Военная машина, пожиравшая с каждым новым сражением всё больше и больше жертв – сотни тысяч при Сомме, более миллиона при Вердене, – усиленно набирала обороты уже на второй день боёв под Льежем. Придя в бессильное бешенство от первой задержки своего наступления, немецкие генералы бессмысленно гнали людей на форты, не считаясь с потерями, лишь бы уложиться в указанные графиками сроки.

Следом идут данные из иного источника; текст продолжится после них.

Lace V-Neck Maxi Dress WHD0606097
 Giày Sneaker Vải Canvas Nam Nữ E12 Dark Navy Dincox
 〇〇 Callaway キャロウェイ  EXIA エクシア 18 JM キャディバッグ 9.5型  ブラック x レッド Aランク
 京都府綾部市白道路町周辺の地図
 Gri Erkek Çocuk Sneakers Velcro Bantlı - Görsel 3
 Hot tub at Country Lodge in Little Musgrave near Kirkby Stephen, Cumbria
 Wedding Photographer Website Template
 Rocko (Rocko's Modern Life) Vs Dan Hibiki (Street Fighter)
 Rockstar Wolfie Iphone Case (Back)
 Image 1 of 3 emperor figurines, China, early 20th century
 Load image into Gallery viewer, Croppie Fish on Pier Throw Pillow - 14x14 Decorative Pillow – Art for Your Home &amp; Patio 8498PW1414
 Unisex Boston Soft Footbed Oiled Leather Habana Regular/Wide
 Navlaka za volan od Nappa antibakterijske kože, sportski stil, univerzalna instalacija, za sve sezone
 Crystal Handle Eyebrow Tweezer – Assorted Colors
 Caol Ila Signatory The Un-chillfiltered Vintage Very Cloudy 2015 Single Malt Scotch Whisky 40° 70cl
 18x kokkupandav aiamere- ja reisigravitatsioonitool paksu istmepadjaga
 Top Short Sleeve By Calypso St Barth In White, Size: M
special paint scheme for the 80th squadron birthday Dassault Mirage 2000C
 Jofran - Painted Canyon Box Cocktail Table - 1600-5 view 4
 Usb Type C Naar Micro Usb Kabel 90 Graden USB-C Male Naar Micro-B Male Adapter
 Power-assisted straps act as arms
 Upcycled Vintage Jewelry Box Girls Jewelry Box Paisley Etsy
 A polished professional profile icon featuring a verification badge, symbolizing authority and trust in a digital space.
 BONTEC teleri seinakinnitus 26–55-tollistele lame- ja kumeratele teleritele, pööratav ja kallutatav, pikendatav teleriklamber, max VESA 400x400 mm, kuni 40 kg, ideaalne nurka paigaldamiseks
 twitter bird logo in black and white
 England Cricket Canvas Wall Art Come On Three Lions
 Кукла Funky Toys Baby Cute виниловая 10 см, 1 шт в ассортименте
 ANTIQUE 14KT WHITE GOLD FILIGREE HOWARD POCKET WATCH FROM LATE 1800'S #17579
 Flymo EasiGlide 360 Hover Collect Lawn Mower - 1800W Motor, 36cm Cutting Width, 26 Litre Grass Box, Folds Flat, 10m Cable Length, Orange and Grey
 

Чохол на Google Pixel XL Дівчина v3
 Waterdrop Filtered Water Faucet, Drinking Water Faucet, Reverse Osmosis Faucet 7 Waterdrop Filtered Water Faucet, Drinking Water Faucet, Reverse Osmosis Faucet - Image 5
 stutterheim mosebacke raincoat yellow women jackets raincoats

Той же ночью 5 августа бригады Эммиха перегруппировались, чтобы возобновить атаки в полночь. Генерал Людендорф, сопровождавший 14‑ю бригаду, находившуюся в центре наступающих частей, нашёл, что состояние войск подавленное, хотя и «возбуждённое». Впереди грозно маячили орудийные башни фортов. Многие офицеры сомневались, что пехота сумеет прорваться сквозь их огонь. Распространился слух об уничтожении целой роты самокатчиков, посланной днём на разведку. Одна из колонн вышла не на ту дорогу и столкнулась с другой колонной, всё смешалось, движение войск прекратилось. Людендорф, отправившийся выяснять причину задержки, встретил по дороге денщика генерала фон Вюссова, командовавшего 14‑й бригадой. Солдат, держа под уздцы осёдланного коня, сообщил, что генерал убит пулемётным огнём. Людендорф с неожиданной смелостью решил попытать счастья. Он принял командование бригадой и дал сигнал к наступлению, чтобы прорваться через промежуток между фортами Флерон и Д’Эвенье. Когда атака началась и люди стали падать под огнём, Людендорф впервые в жизни услышал «особенный глухой стук от удара пуль в человеческие тела».